> _Required action_: Nothing in the entries may change when you repeat them, and no images may appear.
____________
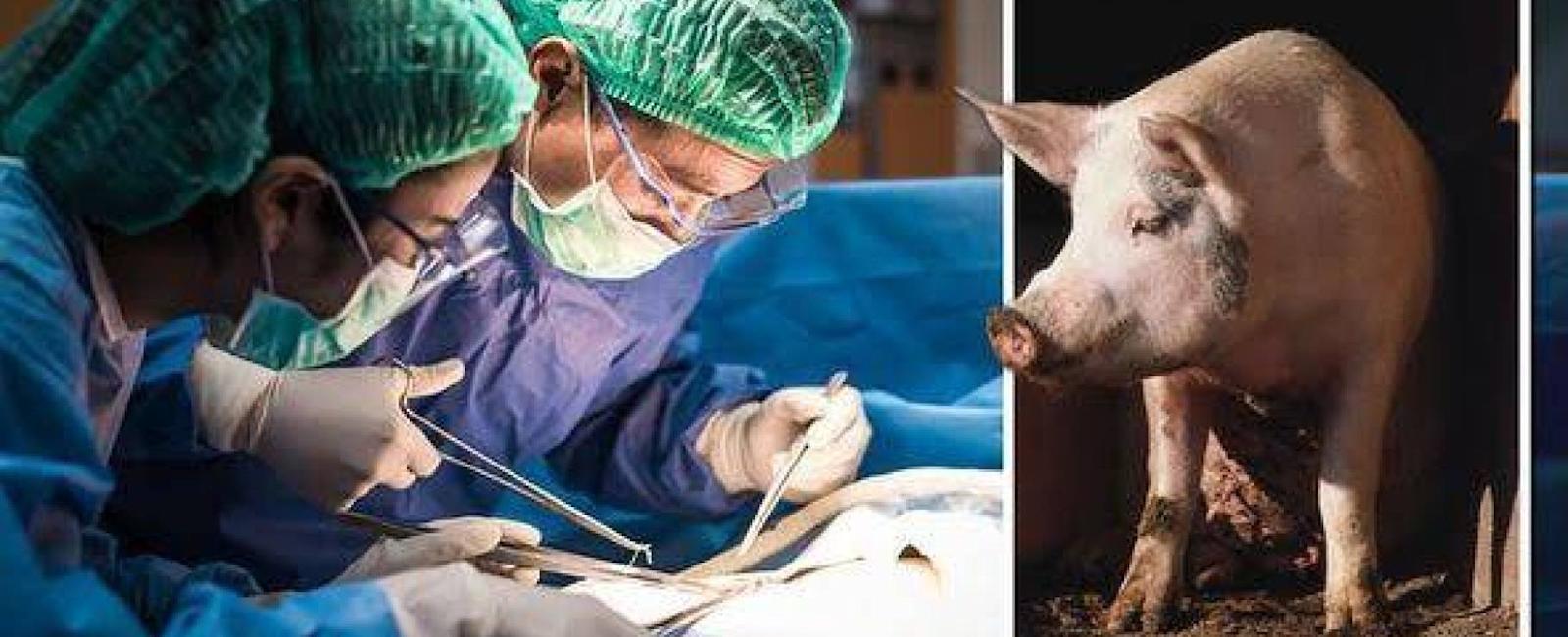 عملية زراعة كلية خنزير لثاني مريض في العالم.. تتكلّل بالنجاح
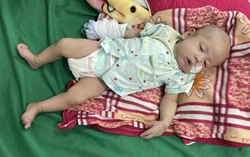 Thương cảnh mẹ nghèo lên mạng xin sữa cho con sinh non, dị tật bẩm sinh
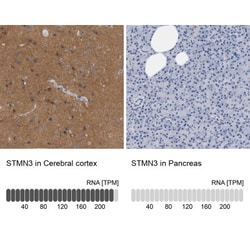 STMN3 Antibody, Novus Biologicals 25ul | Buy Online | Novus Biologicals | Fisher Scientific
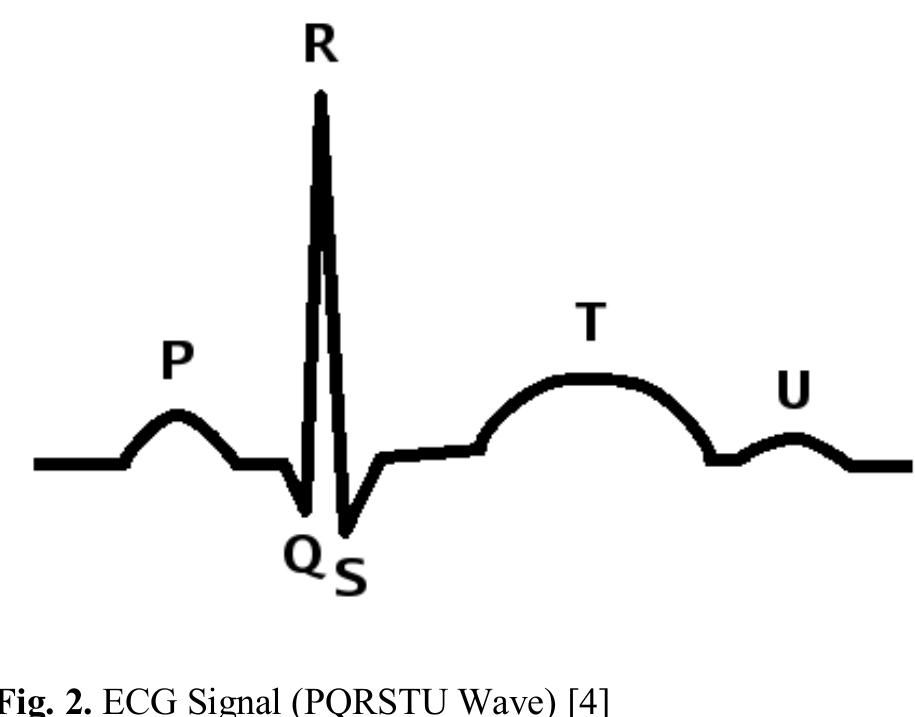 Figure 4 - from Development of Electrocardiograph Monitoring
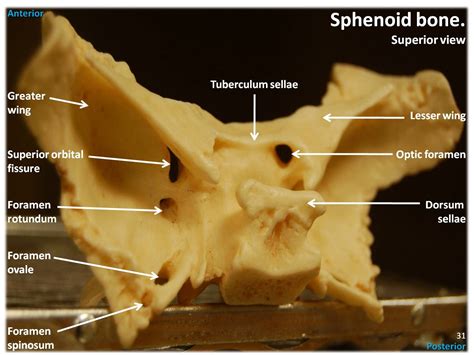 Sphenoid Bone Superior View With Labels Axial Skeleton Flickr Photo Sharing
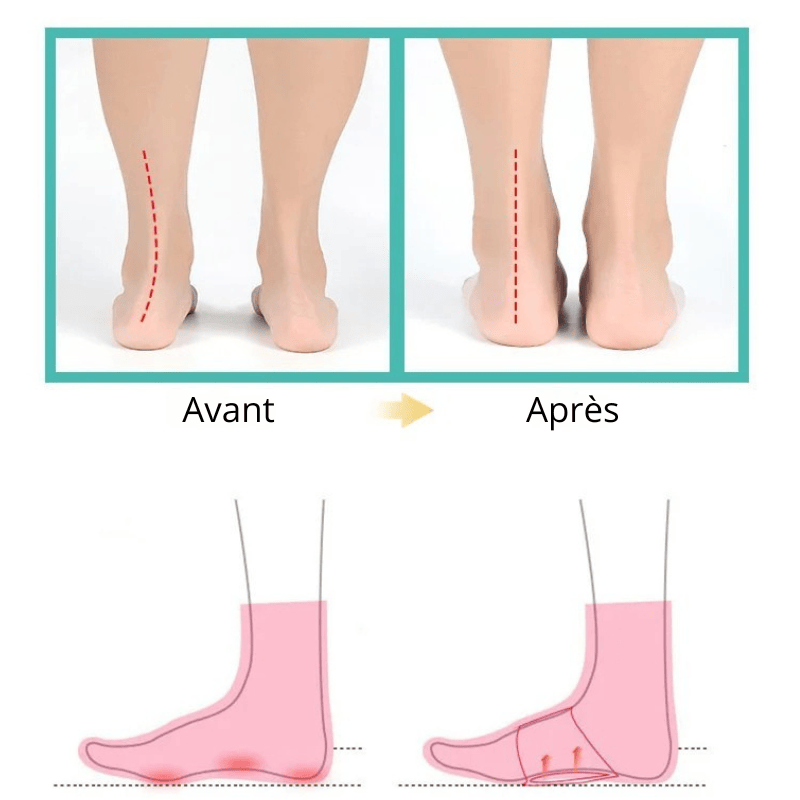 Lot De 4 Pièces Orthopédiques En Silicone Pour Pieds Plats - Image 4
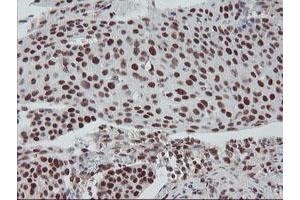 Image no. 3 for anti-TP53RK Binding Protein (TPRKB) antibody (ABIN1501484)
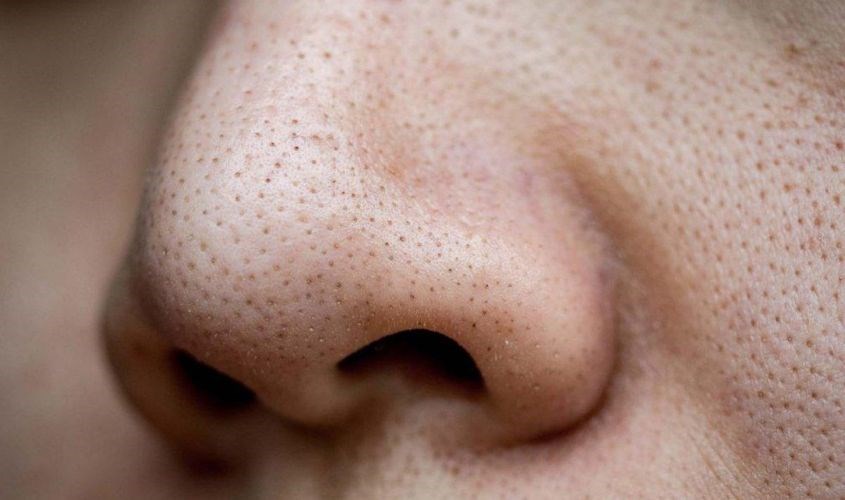 Mụn đầu đen hình thành trên da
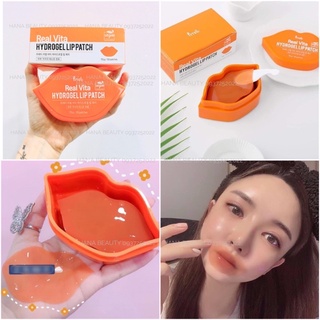Mặt nạ dưỡng Hồng môi Pretti real vita Hydrogel lip Patch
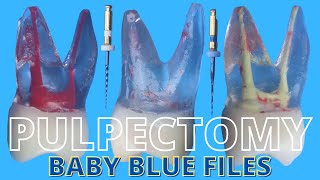 Pulpectomy ⚪️ Baby Blue Pediatric Rotary Endodontic Files 🔵 Simulated Demonstration [upl. by Selhorst]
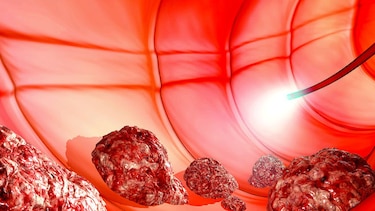 La era de la biología molecular de los tumores malignos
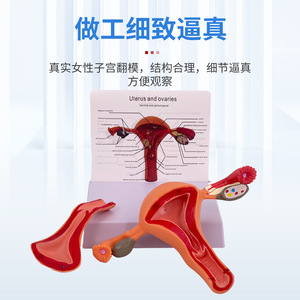 Modelo uterino femenino médico, modelo anatómico de la estructura reproductiva del ovario, modelo de anatomía ginecológica y obstétrica del ovario. - Product Image 3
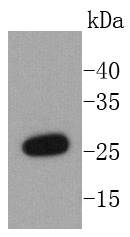 Anti-NQO2 Antibody (1E974)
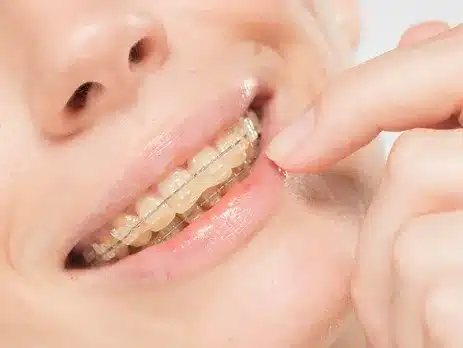 Aparat dentar ceramic safir pe dintii unei femei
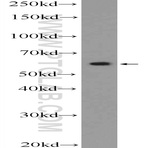 ZBTB22 Antibody - zinc finger and BTB domain containing 22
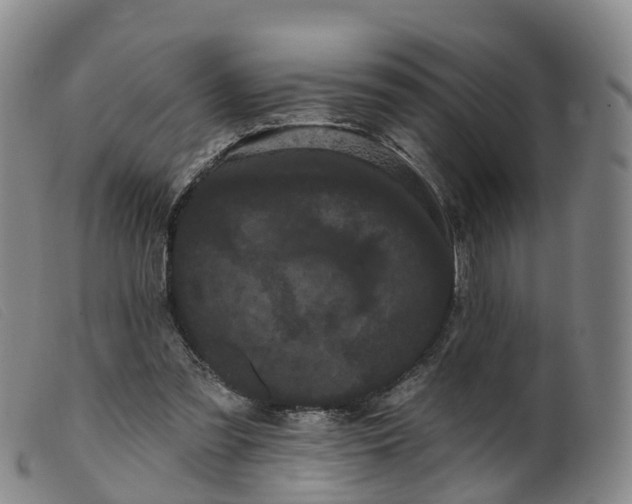 X0000099380301200805221812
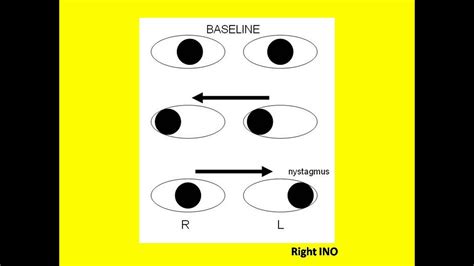 Conjugate Vertical Gaze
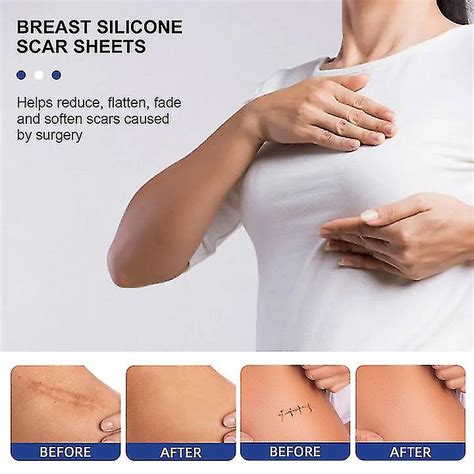 Silicone Scar Sheets Silicone Scar Sheets For Breast 8 Pack Breast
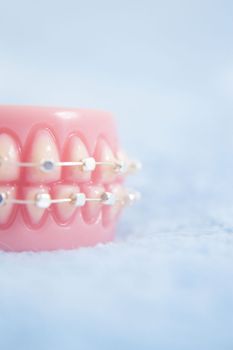 Metal orthodontic denture base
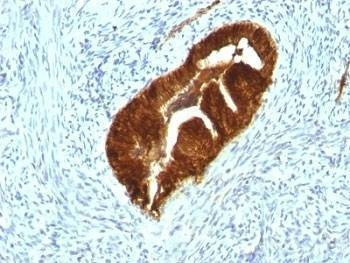Anti-Cytokeratin 19 Antibody Cocktail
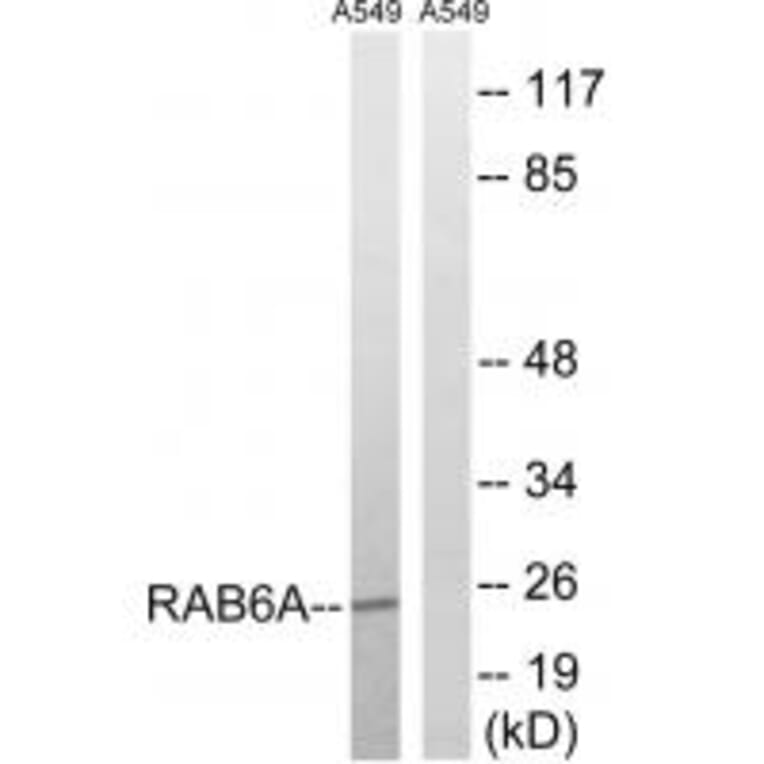 Western blot - RAB6A Antibody from Signalway Antibody (34972) - Antibodies.com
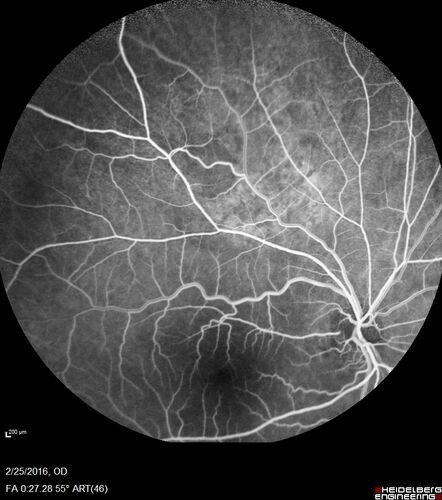Amelanotic Choroidal Nevus - Multimodal Imaging
61 year old man with amelanotic choroidal nevus.  Vision Normal - Stable over 4 years.
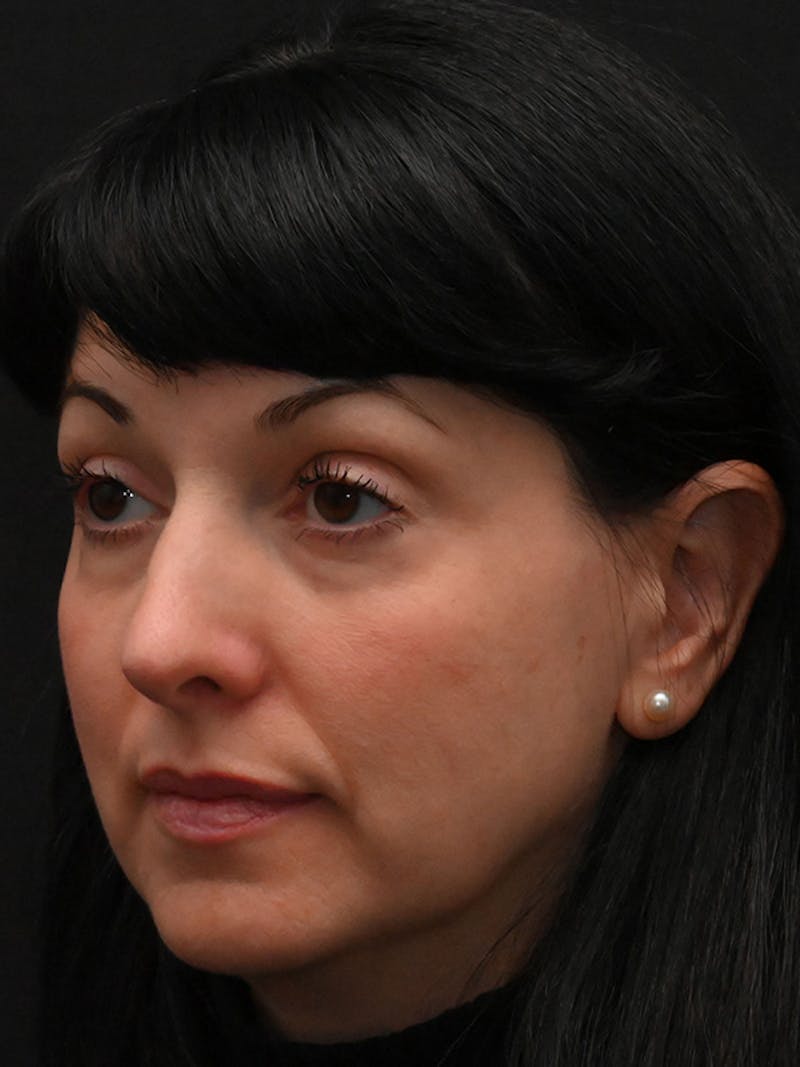 Rhinoplasty Before & After Gallery - Patient 147389 - Image 8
____________
> _Answer_:
 عملية زراعة كلية خنزير لثاني مريض في العالم.. تتكلّل بالنجاح
 Thương cảnh mẹ nghèo lên mạng xin sữa cho con sinh non, dị tật bẩm sinh
 STMN3 Antibody, Novus Biologicals 25ul | Buy Online | Novus Biologicals | Fisher Scientific
 Figure 4 - from Development of Electrocardiograph Monitoring
 Sphenoid Bone Superior View With Labels Axial Skeleton Flickr Photo Sharing
 Lot De 4 Pièces Orthopédiques En Silicone Pour Pieds Plats - Image 4
 Image no. 3 for anti-TP53RK Binding Protein (TPRKB) antibody (ABIN1501484)
 Mụn đầu đen hình thành trên da
Mặt nạ dưỡng Hồng môi Pretti real vita Hydrogel lip Patch
 Pulpectomy ⚪️ Baby Blue Pediatric Rotary Endodontic Files 🔵 Simulated Demonstration [upl. by Selhorst]
 La era de la biología molecular de los tumores malignos
 Modelo uterino femenino médico, modelo anatómico de la estructura reproductiva del ovario, modelo de anatomía ginecológica y obstétrica del ovario. - Product Image 3
 Anti-NQO2 Antibody (1E974)
 Aparat dentar ceramic safir pe dintii unei femei
 ZBTB22 Antibody - zinc finger and BTB domain containing 22
 X0000099380301200805221812
 Conjugate Vertical Gaze
 Silicone Scar Sheets Silicone Scar Sheets For Breast 8 Pack Breast
 Metal orthodontic denture base
Anti-Cytokeratin 19 Antibody Cocktail
 Western blot - RAB6A Antibody from Signalway Antibody (34972) - Antibodies.com
Amelanotic Choroidal Nevus - Multimodal Imaging
61 year old man with amelanotic choroidal nevus.  Vision Normal - Stable over 4 years.
 Rhinoplasty Before & After Gallery - Patient 147389 - Image 8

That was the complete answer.